The chain, which has 24 domestic units, said operating numbers will continue to improve because of current amenities. One of those is the expansion of Kura’s rewards program, which offers guests a $5 coupon for every $50 spent. The chain reports that members of the rewards program have larger average checks and higher return rates. The program should roll out across all units sometime during fiscal 2020.
The platform, which has been in place since August, has played a role in top-line growth. Kura did not provide specific numerical data on the success of the program, but did note that engagement rates with customers who received coupons are high and registration rates are consistent.
Then there’s the added technology piece. Kura has tested touch-panel bill ordering at its Little Tokyo unit in Los Angeles where customers can order drinks from their table by using a touch screen.
“We expect the rewards program and the touch-screen drink ordering, along with marketing initiatives and the new menu items, to drive continued comp growth across our system,” Jimmy Uba, president and CEO of Kura, said during a recent conference call.
Comp sales have surged lately, too. Kura reported year-over-year growth of 7.9 percent for Q1 of fiscal 2020, following a 9.4 percent increase in Q4 of fiscal 2019. The Q1 performance also gave Kura a two-year stack of 12.3 percent. Those numbers were fueled by a 3.1 percent jump in average check and a healthy 4.7 percent increase in traffic. Operating loss stood at $1.4 million compared to $400,000 during last year’s Q1, and net loss came in at $1.2 million, or 15 cents per diluted share, compared to $400,000 in 2019, or 8 cents per diluted share.
“Our first-quarter loss was generally in line with our expectations, and we continue to expect our profits to be generated during the second half of the fiscal year, in line with historical cadence,” Uba said. “ … We expect to be near breakeven in Q2 before steadily improving in the back half of the year. All in all, we are excited about the coming year.”
The chain experienced lower-than-expected sales in four stores located in shopping centers that aren’t fully occupied, it said. Although tenants moving into a shopping center are out of its control, Kura said, in areas with fully occupied shopping centers, units are driving comp sales, such as Austin, Texas, Doraville, Georgia, and Frisco, Texas, in Q1.
For the full fiscal year, the company expects between a 2–4 percent increase in comp sales. Ben Porten, investor relations manager for Kura, said what appears to be a slow down for fiscal 2020 is really due to strong comp sale increases in fiscal 2019, which were 4.4 percent, 6.8 percent, 7.6 percent, and 9.4 percent, respectively. The other factor involves the tailwinds from full occupancy at some of their locations, which is expected to taper off.

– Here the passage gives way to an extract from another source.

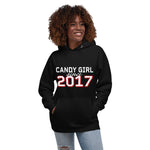 Candy Girl (2017) Premium Hoodie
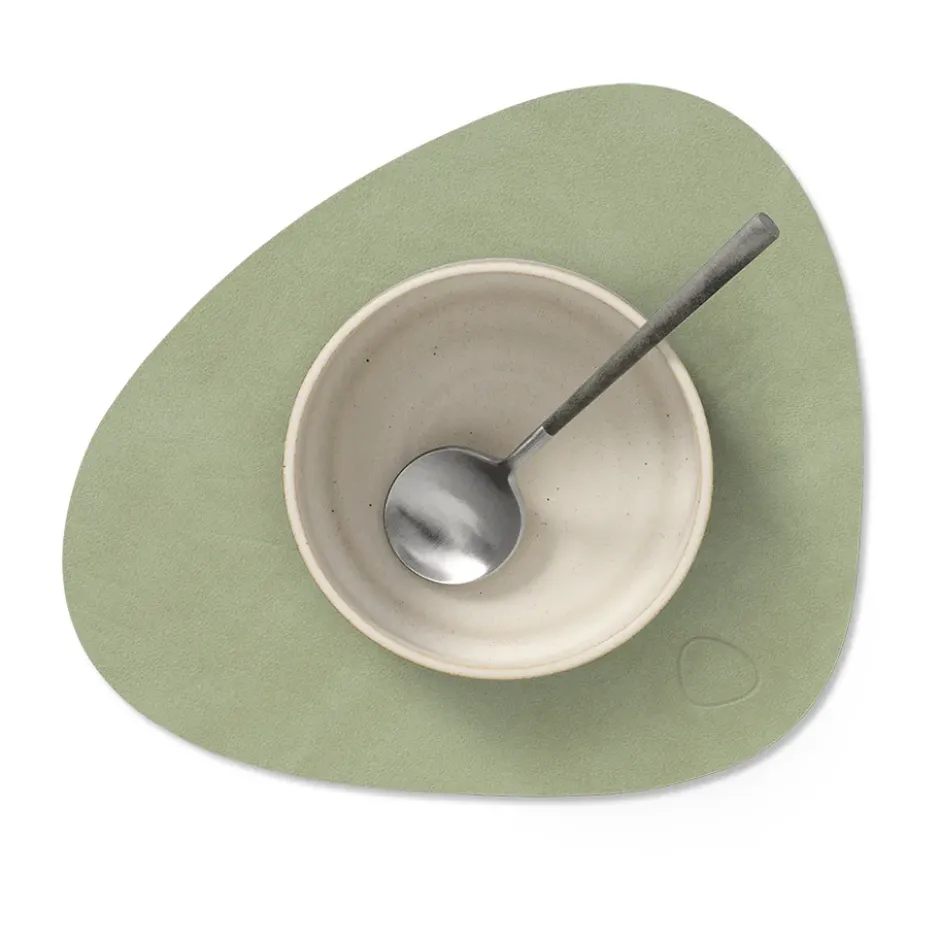 Nupo pöytätabletti curve S, Oliivinvihreä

As of now, the company sits at two dozen restaurants across California, Texas, Georgia, Illinois, and Nevada. Kura remains on track to open six units by the end of fiscal 2020, some of which expand into new areas like Washington, D.C. The most recent unit opened in Katy, Texas. It was supposed to debut in Q1, but was delayed until late December because of difficulties with scheduling the final inspection. The company said the delay was an anomaly and won’t be typical for store openings going forward.
“We had a fully built store that we had to sit on for about two months, just because we couldn't schedule the final inspection,” Porten said. “And so, we don't expect that sort of delay to recur. It's never happened before.”
Three units are under construction right now while Kura has executed leases for the remaining locations. The full-service chain will work on three locations in Q4 at the same time—Bellevue, Washington, Washington, D.C., and Sherman Oaks, California. Two of those are scheduled to open in Q4 while the Bellevue spot may get pushed to fiscal 2021.
Kura recently added Kim Ellis to its board of directors to assist with the growth as well. She previously served as the executive vice president of development at Panda Express, and oversaw the opening of more than 600 restaurants in five years.
“Results in the first quarter included strong comparable restaurant sales growth, as guests continue to respond positively to our premium ingredients, affordable price points, and most importantly, the distinctive ‘Kura Experience,’” Uba said. “We remain excited about the balance of fiscal 2020 and have a number of drivers in place that we believe can sustain our momentum. Furthermore, we have a strong development pipeline that will enable us to bring our unique brand to a growing number of guests throughout the country.”